In Sardegna l’estate non passa mai.

Di Sardegna hanno scritto in tanti (noi ci auguriamo che un giorno ne scriva Bill Bryson). Ultimamente si scrive per dire che ci sono posti che la propaganda sole-mare ignora e qualcuno provocatoriamente ha scritto che il mare neppure c’è. Abbiamo passato settembre a leggere cose ambientate in Sardegna e talvolta, da buoni snob, ci sono venuti i brividi a pensare che certe cose siano considerate grandi opere. Aveva ragione Giovannino, se uno sente la necessità di scrivere transeunte intercapedine non sa scrivere.

È successo poi che abbiamo letto la frase che dà il titolo a questo pezzo, ci siamo seduti e lo abbiamo scritto. Ci sia concesso per una volta di non essere sarcastici, d’altronde il blog è il nostro e ci scriviamo quello che aggrada tutte le nostre personalità e file di consiglieri che affollano la scrivania su cui tutti noi scriviamo dandoci robuste gomitate e mandandoci spesso a fanculo l’un l’altro.

C’è qualcosa di perverso in un ottobre così bello e soleggiato — e basta con la cretineria che lo scorso anno era più freddo, perché noi (dato che siamo tanti) ricordiamo ogni giorno della nostra vita — e questo altro non è che l’illusione. Un ottobre che sa di maggio o di giugno fa sperare che poi seguirà luglio e non novembre. E invece l’estate si prolunga, ma l’ora solare bussa alle porte. L’altro giorno, presi da nostalgia, siamo usciti dalla biblioteca con una certezza: ci vorranno parecchi mesi prima di uscire dalla biblioteca con la luce del sole. Sono constatazioni come questa che ti costano un’ora di sonno, diverse girate nel letto e un colossale mmmmm, nonché l’espressione la mattina quando ti svegli, ti siedi sul letto, pianti i gomiti sulle ginocchia, i capelli fra le mani e dici «è già lunedì».

Vogliamo essere ottimisti e non citare l’adagio per cui l’inverno arriva in fretta, ma è l’estate che non arriva mai (ecco che l’abbiamo appena fatto), eppure che l’inverno incomba è un dato che il sole di questo inizio di autunno prova a nascondere. Come al solito, in questo pezzo di mondo, non ci si accorge che è Natale se non perché la Rinascente è tirata a festa.

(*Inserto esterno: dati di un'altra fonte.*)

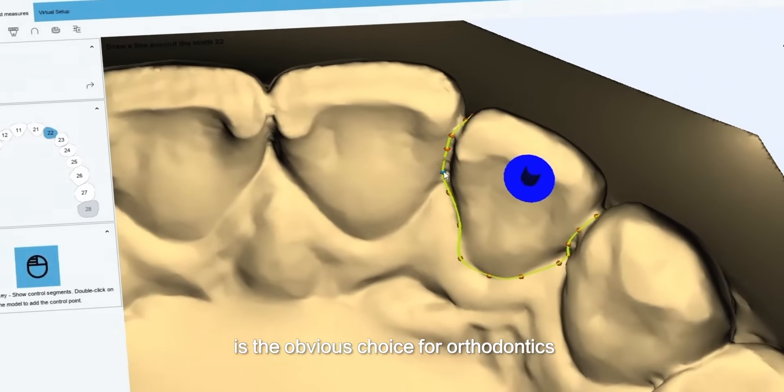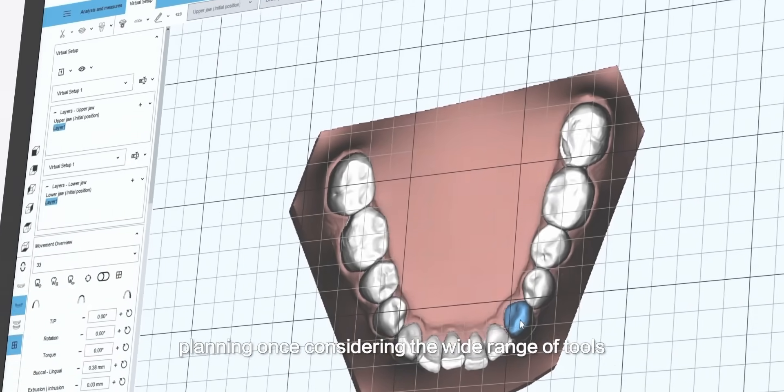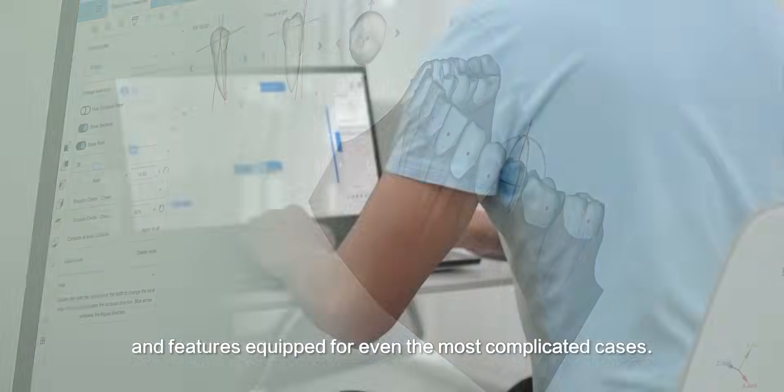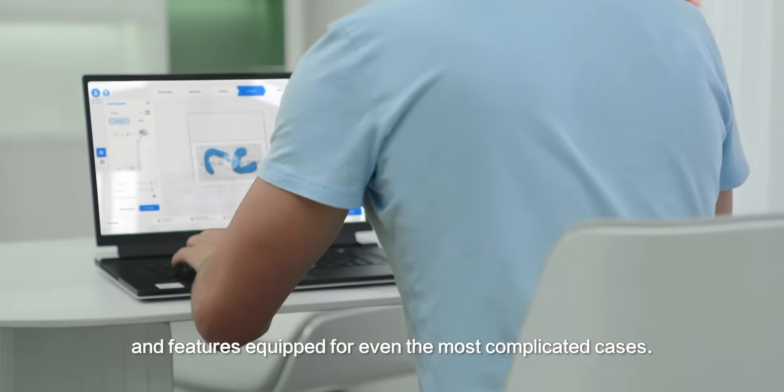Maestro 3D is the obvious choice for orthodontics planning, considering the wide range of tools and features equipped for even the most complicated cases.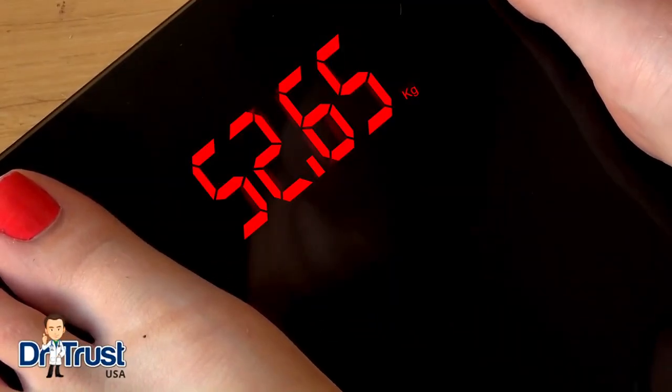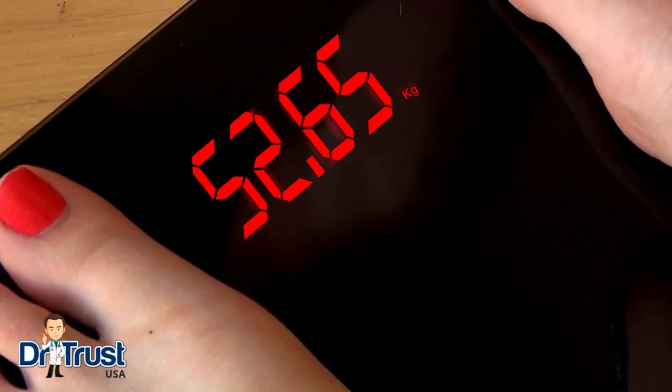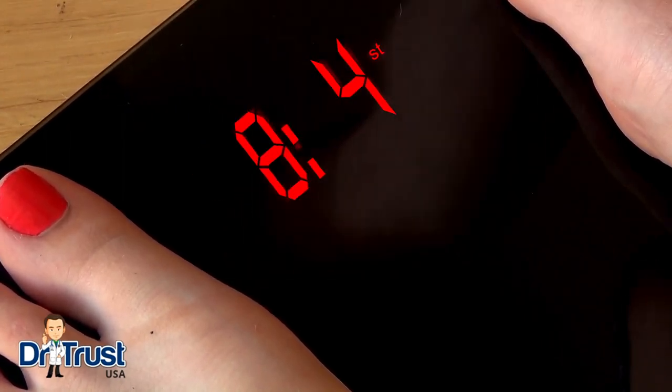When the measurement displays steadily, gently touch the space above the reading to change the unit between kilograms, pounds, or stones and pounds.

Però è vero che l’estate non passa mai. Lasciate perdere quelli che vi dicono che a febbraio ai loro tempi facevano il bagno e pure quelli che vi dicono che qui a marzo si mettono le maniche corte. Lasciate perdere quelle giornate di un azzurro infinito a dicembre. Pensate invece, e scusateci se vi invitiamo a farlo, a quando il freddo si combina all’umidità e uccide la vostra voglia di vivere. L’estate in Sardegna non passa mai perché è un chiodo fisso. Qui si passano dei mesi a ricordare quello che abbiamo fatto la scorsa estate, e gli altri a progettare quella successiva, a immaginare cosa porterà. E non succede solo quando hai 18 anni e trascende i confini del semplice instagram. Che sia la fine della scuola, quella della sessione di esami (in bocca al lupo a tutti!) o le tanto agognate ferie, il binomio luglio-agosto fa bene all’anima.

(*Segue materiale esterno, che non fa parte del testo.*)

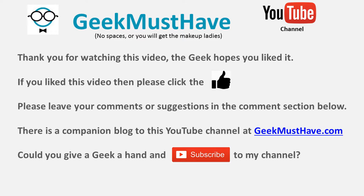There were some interesting items in today's post bag, and even though it was a little disjointed I still enjoyed making it. If you like this video please click the like button, and leave any comments or feedback in the comments section below. I do have a companion blog at geekmusthave.com. I'd really appreciate it if you'd subscribe to my channel. Take a little time off and use your Raspberry Pi to take over the world — thank you.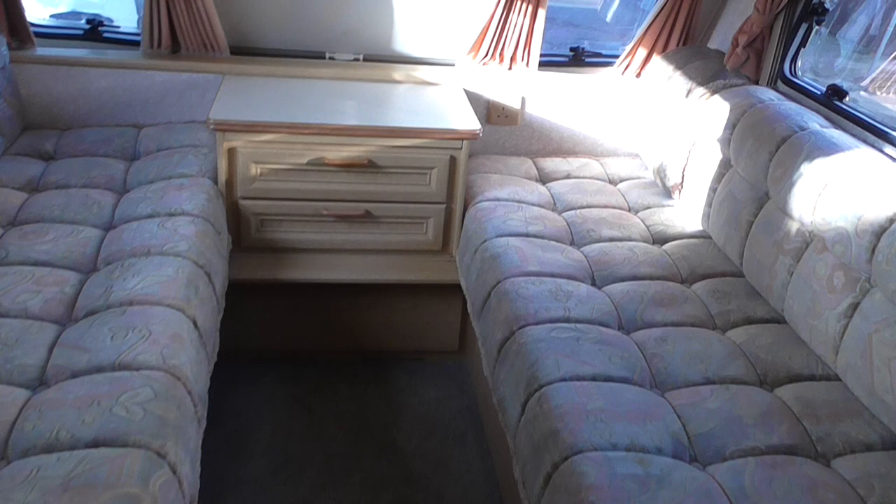All the usual big storage areas under the seating, with access doors on each side. Plenty of storage space. This pulls out to bring the base of the bed across here on slats, and then you put the cushions down to make the double bed at the front. There's a little dinky table in this corner that folds up and out of the way, with a curtain.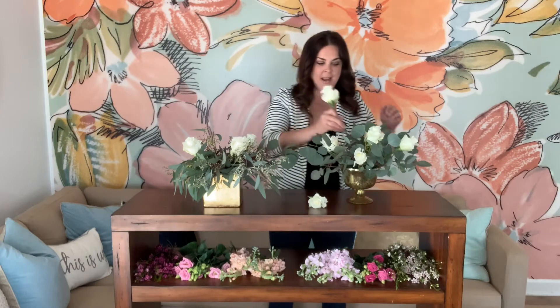Step three is keep a neutral. Neutrals will go with you whatever season you decide, and for this arrangement we're using white garden roses. That way, whichever arrangement you pick, it can go with you whichever season you have your wedding.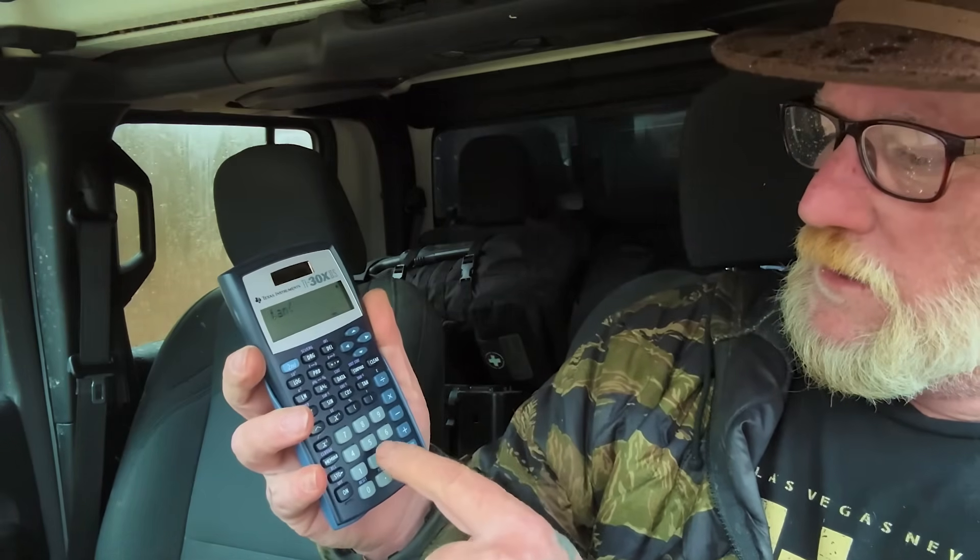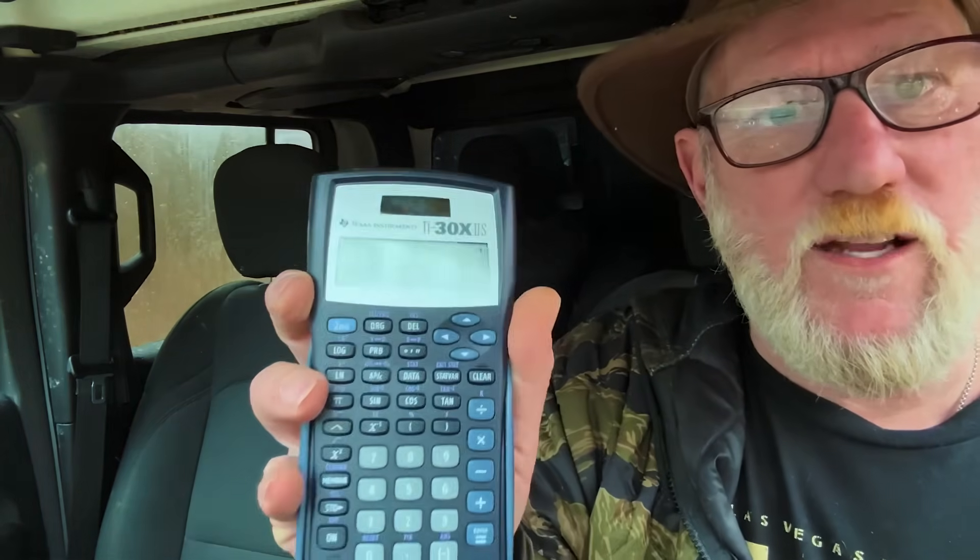We're going to use a Texas Instruments calculator. Tan of 20 degrees equals 0.363 — that's the number we get. Write that down: 0.363. That is our tangent.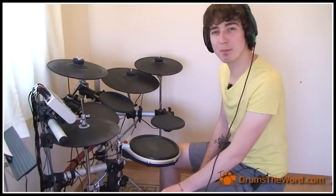In this drum lesson we're going to learn the drum parts to the song 'You Really Got Me' by The Kinks, drums by Mick Avery.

Se una sentenza — una morale! — vogliamo darla anche noi, eccola qua: l’estate è per i cagliaritani una ragazza che spezza ciclicamente loro il cuore.

Ovunque vi troviate, che stiate pensando già al prossimo luglio o che siate fermi a quello passato, che stiate progettando un viaggio o il capodanno: un felice autunno-inverno-primavera, le Jacaranda torneranno prima o poi.

Post scriptum: Domani sono due anni esatti che questo blog esiste. Ringraziamo i lettori e il blog stesso, perché non c’è cura migliore per la (nostra) mente che quella di battere sui tasti.